Interaction of engineered nanomaterials with hydrophobic organic pollutants

For this study, phenanthrene, naphthalene, dichloromethane (CH₂Cl₂), aldrin (C₁₂H₈Cl₆) and TiO₂ (Aeroxide^® P25) were purchased from Sigma-Aldrich (USA). Sodium chloride (NaCl) was purchased from Fisher Scientific (USA). Pure MWCNTs and MWCNT-COOH were purchased from Sun Innovation Inc. (Fremont, California, USA). All the materials were used as received for all the experiments. The physical properties of the MWCNTS are listed in table 1 [23–25]. The purity of the ENMs and the concentration of the trace inorganics were discussed in our previous study [26, 27]. The physical properties of the pollutants selected for this study are listed in table 2. Laser doppler velocimetry in conjunction with phase analysis light scattering (Malvern Zetasizer Nano, Malvern Instruments Ltd) was used to measure the zeta potential of TiO₂ and MWCNTs at selected pH values.

Table 2.  Properties of organics pollutants tested.

Compound	Chemical structure	Mole weight (g mol−1)	Boiling point (°C)	Water solubility (mg l−1)	Log Kow
Naphthalene		128	218	31.7	3.5
Phenanthrene		178	340	1.29	4.45
Aldrin		364	145	0.003	6.5

Stock solutions of phenanthrene and aldrin were prepared in octanol with concentrations ranging from 0.1 to 10.0 g l⁻¹. A naphthalene standard solution of 10 mg l⁻¹ was prepared in CH₂Cl₂. Each PAH solution of 0–20 mg l⁻¹ was prepared with 50 ml octanol and then added to 900 ml DI water that contained 0–20 mg l⁻¹ of each nanomaterial in a 2 l flask. A measured amount of 1 M NaCl solution was added to the flask according to each experimental condition.

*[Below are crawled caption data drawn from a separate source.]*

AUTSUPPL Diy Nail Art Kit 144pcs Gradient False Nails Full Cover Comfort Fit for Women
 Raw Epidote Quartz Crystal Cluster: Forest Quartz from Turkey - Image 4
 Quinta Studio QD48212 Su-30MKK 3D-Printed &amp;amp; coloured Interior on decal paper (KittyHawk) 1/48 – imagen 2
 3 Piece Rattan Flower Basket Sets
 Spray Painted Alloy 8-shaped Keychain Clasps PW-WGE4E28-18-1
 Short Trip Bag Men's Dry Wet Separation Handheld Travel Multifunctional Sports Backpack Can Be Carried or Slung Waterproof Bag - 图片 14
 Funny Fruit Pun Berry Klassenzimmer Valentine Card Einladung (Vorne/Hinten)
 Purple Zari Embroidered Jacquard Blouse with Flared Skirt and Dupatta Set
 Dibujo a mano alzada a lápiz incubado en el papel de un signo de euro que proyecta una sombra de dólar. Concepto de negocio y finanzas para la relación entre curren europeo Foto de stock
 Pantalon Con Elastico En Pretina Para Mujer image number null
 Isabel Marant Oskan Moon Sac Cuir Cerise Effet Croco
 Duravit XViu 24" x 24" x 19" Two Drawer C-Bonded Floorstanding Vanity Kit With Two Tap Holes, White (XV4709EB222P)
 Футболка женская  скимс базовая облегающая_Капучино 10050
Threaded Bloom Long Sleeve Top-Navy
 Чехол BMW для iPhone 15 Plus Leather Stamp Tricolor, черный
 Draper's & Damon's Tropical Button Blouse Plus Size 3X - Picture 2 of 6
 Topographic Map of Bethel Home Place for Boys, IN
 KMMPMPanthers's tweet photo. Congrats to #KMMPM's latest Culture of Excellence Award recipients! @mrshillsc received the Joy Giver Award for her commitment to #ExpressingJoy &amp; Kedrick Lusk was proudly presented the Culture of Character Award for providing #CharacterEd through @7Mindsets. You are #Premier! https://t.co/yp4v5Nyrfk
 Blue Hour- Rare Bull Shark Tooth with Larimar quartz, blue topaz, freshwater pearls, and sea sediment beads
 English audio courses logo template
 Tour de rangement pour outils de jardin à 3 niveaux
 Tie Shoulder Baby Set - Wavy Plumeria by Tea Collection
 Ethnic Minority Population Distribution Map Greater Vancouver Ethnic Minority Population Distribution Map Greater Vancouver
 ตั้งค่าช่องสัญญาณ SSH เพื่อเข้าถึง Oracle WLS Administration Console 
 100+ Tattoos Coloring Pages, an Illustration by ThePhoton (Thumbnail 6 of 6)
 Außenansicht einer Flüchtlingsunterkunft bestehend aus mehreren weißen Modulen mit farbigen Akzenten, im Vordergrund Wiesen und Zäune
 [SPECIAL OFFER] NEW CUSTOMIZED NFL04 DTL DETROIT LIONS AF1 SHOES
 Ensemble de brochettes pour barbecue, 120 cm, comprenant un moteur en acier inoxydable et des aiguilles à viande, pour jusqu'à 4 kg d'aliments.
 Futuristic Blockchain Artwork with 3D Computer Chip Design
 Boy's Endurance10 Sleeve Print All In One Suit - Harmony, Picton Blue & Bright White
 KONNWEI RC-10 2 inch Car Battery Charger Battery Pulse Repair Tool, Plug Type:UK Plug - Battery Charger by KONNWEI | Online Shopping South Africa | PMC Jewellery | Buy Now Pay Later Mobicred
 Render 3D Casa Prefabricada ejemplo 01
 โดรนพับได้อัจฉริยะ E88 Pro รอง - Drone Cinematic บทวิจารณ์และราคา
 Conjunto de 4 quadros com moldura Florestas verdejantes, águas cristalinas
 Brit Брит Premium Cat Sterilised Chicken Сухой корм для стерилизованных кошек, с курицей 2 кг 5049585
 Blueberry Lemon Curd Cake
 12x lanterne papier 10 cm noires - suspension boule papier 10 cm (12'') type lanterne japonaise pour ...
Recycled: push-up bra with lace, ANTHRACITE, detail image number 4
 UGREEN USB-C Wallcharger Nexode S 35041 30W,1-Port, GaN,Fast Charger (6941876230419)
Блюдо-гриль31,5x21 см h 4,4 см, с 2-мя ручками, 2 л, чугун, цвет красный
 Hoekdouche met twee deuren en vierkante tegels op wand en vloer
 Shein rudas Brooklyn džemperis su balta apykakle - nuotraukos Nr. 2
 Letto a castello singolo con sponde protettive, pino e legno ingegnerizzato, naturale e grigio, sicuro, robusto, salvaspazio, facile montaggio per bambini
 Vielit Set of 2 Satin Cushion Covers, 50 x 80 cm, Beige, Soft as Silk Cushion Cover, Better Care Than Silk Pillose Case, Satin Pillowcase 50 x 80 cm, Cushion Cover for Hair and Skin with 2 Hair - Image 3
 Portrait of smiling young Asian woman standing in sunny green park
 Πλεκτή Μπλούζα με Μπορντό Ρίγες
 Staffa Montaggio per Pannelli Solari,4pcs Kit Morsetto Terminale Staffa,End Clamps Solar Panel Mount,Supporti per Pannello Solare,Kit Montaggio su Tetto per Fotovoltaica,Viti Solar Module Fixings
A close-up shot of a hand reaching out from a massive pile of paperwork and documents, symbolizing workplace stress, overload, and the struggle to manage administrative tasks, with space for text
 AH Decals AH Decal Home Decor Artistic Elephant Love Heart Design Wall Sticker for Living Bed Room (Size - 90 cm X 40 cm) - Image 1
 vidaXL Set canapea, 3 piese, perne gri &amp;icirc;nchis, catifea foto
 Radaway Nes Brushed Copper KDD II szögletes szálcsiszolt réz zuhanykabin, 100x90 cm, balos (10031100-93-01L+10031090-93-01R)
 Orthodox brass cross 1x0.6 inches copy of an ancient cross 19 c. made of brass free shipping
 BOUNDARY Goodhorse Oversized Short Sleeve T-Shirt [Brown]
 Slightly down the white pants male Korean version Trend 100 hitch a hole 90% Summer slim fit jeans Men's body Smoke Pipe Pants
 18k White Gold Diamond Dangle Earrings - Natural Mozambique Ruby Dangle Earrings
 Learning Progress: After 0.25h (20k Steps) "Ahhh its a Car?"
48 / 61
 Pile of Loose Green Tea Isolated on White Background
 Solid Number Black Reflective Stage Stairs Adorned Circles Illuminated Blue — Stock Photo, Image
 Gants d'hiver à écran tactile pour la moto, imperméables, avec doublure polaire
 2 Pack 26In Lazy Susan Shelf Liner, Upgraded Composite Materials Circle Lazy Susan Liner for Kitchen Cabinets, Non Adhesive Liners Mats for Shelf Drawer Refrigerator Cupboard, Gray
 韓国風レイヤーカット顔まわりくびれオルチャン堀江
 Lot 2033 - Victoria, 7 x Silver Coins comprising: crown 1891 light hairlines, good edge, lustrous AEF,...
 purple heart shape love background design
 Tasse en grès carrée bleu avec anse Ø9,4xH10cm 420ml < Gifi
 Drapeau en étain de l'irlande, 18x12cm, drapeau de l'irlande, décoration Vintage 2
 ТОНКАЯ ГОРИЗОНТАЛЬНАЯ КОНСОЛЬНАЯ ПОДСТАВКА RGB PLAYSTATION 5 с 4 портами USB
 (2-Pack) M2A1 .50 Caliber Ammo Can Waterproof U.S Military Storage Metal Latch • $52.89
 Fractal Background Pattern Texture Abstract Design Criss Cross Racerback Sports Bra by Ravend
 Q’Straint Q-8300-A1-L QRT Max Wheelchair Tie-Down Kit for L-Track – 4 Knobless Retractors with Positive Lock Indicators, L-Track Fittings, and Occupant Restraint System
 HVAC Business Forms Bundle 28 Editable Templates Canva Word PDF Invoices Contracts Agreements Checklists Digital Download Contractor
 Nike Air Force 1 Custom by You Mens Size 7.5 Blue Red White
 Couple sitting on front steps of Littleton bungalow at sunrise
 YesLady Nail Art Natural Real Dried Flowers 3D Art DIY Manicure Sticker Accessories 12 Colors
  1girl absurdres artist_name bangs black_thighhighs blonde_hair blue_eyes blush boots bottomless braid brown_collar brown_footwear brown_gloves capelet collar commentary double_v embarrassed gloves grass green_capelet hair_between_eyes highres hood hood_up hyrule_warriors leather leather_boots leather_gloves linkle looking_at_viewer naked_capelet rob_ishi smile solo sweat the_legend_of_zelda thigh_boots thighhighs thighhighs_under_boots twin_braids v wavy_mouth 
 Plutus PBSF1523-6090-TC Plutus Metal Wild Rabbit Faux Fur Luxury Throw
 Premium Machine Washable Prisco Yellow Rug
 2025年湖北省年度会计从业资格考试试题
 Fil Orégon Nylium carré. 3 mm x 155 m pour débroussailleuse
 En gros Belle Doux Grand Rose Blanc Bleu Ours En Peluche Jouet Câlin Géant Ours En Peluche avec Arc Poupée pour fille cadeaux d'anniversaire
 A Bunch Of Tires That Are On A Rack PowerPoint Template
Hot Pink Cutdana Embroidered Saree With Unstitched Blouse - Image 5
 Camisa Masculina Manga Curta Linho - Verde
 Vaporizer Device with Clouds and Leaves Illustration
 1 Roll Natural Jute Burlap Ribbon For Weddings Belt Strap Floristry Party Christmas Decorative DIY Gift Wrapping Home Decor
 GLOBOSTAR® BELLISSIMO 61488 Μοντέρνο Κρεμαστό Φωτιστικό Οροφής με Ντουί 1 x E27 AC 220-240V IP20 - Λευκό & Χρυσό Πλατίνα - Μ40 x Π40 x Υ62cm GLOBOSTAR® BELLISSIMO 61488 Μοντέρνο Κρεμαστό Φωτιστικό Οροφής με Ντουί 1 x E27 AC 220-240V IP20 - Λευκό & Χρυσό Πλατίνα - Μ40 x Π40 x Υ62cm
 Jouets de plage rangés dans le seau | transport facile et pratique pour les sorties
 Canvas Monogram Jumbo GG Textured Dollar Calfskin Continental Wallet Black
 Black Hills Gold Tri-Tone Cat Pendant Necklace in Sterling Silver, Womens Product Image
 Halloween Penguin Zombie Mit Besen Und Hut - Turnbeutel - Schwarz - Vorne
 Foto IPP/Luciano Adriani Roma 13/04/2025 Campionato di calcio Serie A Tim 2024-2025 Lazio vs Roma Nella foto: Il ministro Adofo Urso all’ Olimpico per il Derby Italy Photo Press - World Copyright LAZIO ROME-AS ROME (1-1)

A known weight of ENMs was placed in a 125 ml umber glass vial with a measured concentration of PAH in distilled water. The solution pH was adjusted using either 1 M NaOH or HCl to the preset pH. A minimum of headspace was left to avoid PAH losses in the vapor phase. The flasks were then sealed with a rubber cock, placed on a stir plate and kept under gentle stirring (i.e., the vortex was less than 1 cm) for five days to reach equilibrium. A glass tube was inserted through the rubber cock to take out samples in the water layer without disturbing the octanol layer. To avoid chemical or photodegradation, the tests were conducted under anaerobic conditions in the absence of light by wrapping the vials with aluminum foil. Samples (30 ml) were taken from the water layer using a 60 ml plastic syringe 3 h after stirring had stopped. Each compound of PAH in the samples was quantified by GC/MS (Agilent GC/MS 6890/5973) equipped with a split/splitless injector. The octanol phase was also analyzed by GC/MS. A Supel-Q™ PLOT Capillary GC Column (Supelco, 30 m × 0.32 mm, average thickness 15 μm) was used. The sample injection volume was 1 μl and the injector temperature was 300 °C. The oven temperature was initially held at 35 °C for 4 min and was then raised at 15 °C min⁻¹ up to 185 °C, with a second heating rate at 10 °C min⁻¹ up to 230 °C , and then a final heating rate at 25 °C min⁻¹ up to 310 °C, where it was held for 2 min.

The samples collected from the aqueous samples were centrifuged using a Sorvall Legend T+ centrifuge (Thermo Scientific), and this was followed by microfiltration. Sodium chloride was dissolved to form a concentration of 10 g l⁻¹ in the filtrate to assist the extraction by increasing the ionic strength to promote the transfer of hydrophobic pollutants to the organic phase. The sample and 20 ml dimethyl chloride were added into a reparatory funnel, and samples were shaken for 10 min. The organic phase was decanted, and the extraction process was repeated with the same volume of dimethyl chloride before the GC/MS analysis. For the GC/MS analysis, the 30 ml aqueous sample was extracted with 30 ml of CH₂Cl₂ using a 125 ml separatory funnel. The mixture of the aqueous sample and CH₂Cl₂ was then taken and transferred to a 50 ml conical centrifuge tube. The tube was under nitrogen flow until all the extracted solutions were evaporated. After the evaporation, 2 ml of a mixture of 50:50 CH₂Cl₂ and acetone was added to the tube and used to rinse the wall of the tube well. The solution in the tube after rinsing was analyzed by GC/MS to quantify PAHs.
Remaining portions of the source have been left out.